Dalam Agama Hindu terdapat 2 (dua) jenis penjor, yaitu Penjor Sakral dan Penjor Hiasan. Penjor Sakral termasuk bagian dari upacara keagamaan, seperti seperti halnya upacara Galungan dan Kuningan, serta piodalan di pura-pura. Sedangkan Penjor hiasan biasanya digunakan saat adanya pesta seni atau beberapa kegiatan lainnya. Penjor Hiasan tidak berisi sanggah, tidak terdapat pala bungkah / pala gantung, porosan, dll. Tetapi, Penjor sakral yang digunakan untuk upacara harus berisi sanggah, pala bungkah dan pala gantung, porosan, sampian, jajan, dll. Pada upacara hari raya Galungan dan Kuningan biasanya menggunakan penjor, penjor biasanya dibuat sebelum hari raya galungan dan dipasang sehari sebelum galungan atau sering disebut Penampahan Galungan yang bermakna tegaknya Dharma. Bahan pembuatan penjor adalah bambu yang ujungnya melengkung, dihiasi dengan janur, serta dedaunan yang masih muda seperti plawa. Perlengkapan penjor yaitu pala bungkah berupa umbi-umbian seperti ketela rambat, Pala Gantung berupa kelapa, mentimun, pisang, atau nanas. Pala wija seperti jagung, padi, dll. Lengkap dengan sanggah yang membuat sanggah Ardha Candra yang dibuat dari bambu, dengan bentuk persegi empat, serta atapnya melengkung setengah lingkaran. Penjor dipasang didepan pojok kanan angkul-angkul (pintu masuk rumah).

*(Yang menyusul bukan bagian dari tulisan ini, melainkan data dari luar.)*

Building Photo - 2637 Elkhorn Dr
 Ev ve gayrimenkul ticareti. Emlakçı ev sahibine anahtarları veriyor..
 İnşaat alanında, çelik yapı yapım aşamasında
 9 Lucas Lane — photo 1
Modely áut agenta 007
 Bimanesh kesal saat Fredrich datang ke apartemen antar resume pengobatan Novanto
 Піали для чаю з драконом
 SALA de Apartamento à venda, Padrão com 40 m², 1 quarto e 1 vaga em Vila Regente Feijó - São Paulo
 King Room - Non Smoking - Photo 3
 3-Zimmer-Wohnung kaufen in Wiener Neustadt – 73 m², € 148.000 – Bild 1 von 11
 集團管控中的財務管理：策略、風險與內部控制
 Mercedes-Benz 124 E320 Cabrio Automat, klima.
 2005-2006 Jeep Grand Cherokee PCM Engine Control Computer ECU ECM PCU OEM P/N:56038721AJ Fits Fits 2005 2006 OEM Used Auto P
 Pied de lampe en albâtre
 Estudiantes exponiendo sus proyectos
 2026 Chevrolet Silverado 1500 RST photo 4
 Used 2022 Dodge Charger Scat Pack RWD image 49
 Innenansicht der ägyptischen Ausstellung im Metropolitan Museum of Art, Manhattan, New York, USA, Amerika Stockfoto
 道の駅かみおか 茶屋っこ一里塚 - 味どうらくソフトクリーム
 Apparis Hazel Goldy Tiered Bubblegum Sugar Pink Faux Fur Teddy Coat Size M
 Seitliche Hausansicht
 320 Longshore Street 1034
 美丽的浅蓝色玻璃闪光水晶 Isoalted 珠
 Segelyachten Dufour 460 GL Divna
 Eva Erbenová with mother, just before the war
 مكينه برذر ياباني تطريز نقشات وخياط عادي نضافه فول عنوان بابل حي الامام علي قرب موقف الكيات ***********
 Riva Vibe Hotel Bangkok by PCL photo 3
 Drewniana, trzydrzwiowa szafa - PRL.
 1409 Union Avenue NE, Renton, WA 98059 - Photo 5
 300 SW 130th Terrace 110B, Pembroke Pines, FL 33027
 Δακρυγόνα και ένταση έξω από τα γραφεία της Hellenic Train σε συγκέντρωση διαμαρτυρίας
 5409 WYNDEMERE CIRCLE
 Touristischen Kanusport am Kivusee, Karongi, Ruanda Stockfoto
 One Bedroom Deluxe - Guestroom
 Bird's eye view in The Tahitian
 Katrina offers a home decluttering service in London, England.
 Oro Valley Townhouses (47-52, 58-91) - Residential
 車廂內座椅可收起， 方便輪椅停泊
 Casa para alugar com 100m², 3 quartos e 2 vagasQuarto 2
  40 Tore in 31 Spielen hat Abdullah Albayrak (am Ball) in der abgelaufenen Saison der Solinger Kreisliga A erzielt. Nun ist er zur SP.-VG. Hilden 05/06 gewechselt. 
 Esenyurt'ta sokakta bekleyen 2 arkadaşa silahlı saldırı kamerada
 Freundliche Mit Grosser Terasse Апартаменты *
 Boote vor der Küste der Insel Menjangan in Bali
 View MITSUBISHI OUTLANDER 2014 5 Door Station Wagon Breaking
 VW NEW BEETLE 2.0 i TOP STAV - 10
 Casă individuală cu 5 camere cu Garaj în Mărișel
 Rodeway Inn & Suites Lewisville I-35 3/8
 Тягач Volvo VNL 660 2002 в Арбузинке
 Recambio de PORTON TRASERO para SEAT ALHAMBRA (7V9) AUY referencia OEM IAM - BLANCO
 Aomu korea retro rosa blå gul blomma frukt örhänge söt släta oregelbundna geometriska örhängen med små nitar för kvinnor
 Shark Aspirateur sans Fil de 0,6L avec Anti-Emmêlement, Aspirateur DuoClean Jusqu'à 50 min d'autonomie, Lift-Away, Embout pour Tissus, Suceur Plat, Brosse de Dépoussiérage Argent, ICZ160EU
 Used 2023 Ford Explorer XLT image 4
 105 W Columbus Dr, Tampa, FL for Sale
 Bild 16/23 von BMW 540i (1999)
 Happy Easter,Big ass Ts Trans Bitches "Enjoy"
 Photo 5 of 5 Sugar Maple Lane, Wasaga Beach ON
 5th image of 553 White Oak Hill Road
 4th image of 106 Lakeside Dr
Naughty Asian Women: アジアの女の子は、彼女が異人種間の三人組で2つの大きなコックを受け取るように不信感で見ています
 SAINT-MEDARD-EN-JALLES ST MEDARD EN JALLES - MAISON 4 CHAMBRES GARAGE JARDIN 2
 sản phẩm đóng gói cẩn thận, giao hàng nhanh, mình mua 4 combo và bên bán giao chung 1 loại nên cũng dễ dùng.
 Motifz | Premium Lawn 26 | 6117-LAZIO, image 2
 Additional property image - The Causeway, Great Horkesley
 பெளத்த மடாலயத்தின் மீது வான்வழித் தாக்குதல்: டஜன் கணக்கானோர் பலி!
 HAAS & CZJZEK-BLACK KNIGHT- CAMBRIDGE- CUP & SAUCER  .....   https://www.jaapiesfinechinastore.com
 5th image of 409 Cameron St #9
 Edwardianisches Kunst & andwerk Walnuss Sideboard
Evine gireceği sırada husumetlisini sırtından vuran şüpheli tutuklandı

Tujuan Pemasangan penjor adalah sebagai wujud rasa bakti dan tanda terimakasih atas karunia yang telah diberikan oleh Ida Sang Hyang Widhi. Bambu tinggi melengkuh diartikan sebagai gunung yang tertinggi sebagai tempat suci, serta hiasan yang terdiri dari pala gantung, pala wija, pala bungkah, jajan, serta hiasan lainnya adalah wakil dari seluruh tumbuh-tumbuhan dan benda sandang pangan yang dikaruniai oleh Tuhan. Sekian dulu yaa, semoga bermanfaat. Ngomong-ngomong manis Galungan dan manis Kuningan mau melali kemana nih? mumpung udah deket. Kalo kurang inspirasi buat tempat trip, melali entah sama temen, keluarga, atau pasangan bisa kunjungi AIR TERJUN DI BALI, TEMPAT WISATA DI BALIKULINER DI BALI. Sekian ya, terimakasih atas kunjungannya.

Monday, February 27, 2017

Hari Raya Galungan dan Kuningan

Blii, Hari Raya Galungan dan Kuningan sampun nampekkkk. Tau kah kalian apa itu Hari Raya Galungan dan Kuningan? kapan datangnya galungan dan kuningan ini? dan apakah makna dari hari raya ini? nah, semua jawaban tersebut telah disediakan di bawah, yuk simak selengkapnya dibawah ini.




Hari Raya Galungan 

Hari Raya Galungan terwujud karena kemenangan Dharma (kebaikan) melawan Adharma (keburukan), sehingga pada hari Budha Kliwon wuku Dunggulan, kita yang beragama Hindu melakukan puja dan puji syukur kehadapan Ida Sang Hyang Widhi Wasa (Tuhan Yang Maha Esa).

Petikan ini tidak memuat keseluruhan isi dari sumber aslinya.